So, in an effort to exemplify what we keep talking about in class in terms of what news in, I would first off like to present these two articles. Both have come out in the last 48 hours. Both are considered “news.”
So. I find that even viewing the titles of the article alone lends one to more more “news,” than the other. Inauguration versus dogs and puppies? Realistically, the answer is obvious. Yet, both have been posted. That said, why are both considered “news?” By today, the story about the dog had made the television news stations. What about it made it news?
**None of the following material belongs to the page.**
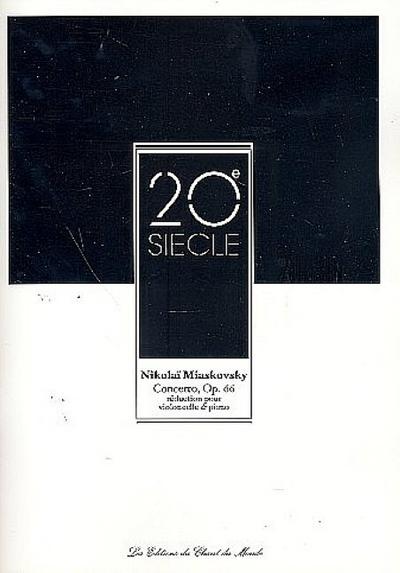 Concerto op.66pour violoncelle et orchestre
Public interest. News, chosen by what people both need and want to know, is arguably almost more driven by what people want to know. People seem to be driven solely by what is comfortable. Those who say, “well I don’t read the paper because there’s too much sad in it,” or, during the election for example, “I’m sick of hearing about politics,” are the reason stories about dogs, puppies, geckos, and zombies, make it into the news. Sadly, most times, main news is not their proper place. If one examines newspapers from the past, they will find far less filler “junk” within their pages. It is a sad reality, but seems to hold. The idea of “news” has changed not based on what people need to know, but what they are willing to read.
No wonder people are so uneducated. Did you know that only 2% of people can discuss the 5th amendment intelligently. Look into the book “What Americans Know About Politics,” by Carpini and Keeter if you’re interested in this.
Oh, and one more blurb… most newspapers and news stations have been covering this as well:
Really, people? Really? Lip-syncing isn’t news… though as a culture, we’re obsessed with looking for the answer. Why aren’t we obsessed day in and out with looking for an answer to the debt crisis? Syria? Iran? Poverty in America AND other countries? Infant death rates? As I said… interest is news, news is interest. The above issues are uncomfortable, so while they make their way into the news, they are surrounded by stories that have, truthfully, little to no merit. That is why the question of what is and isn’t news is so prevalent and the lines are so blurred. It’s hard to interpret what people will be willing to read.
Makes me glad I’m not making the decisions!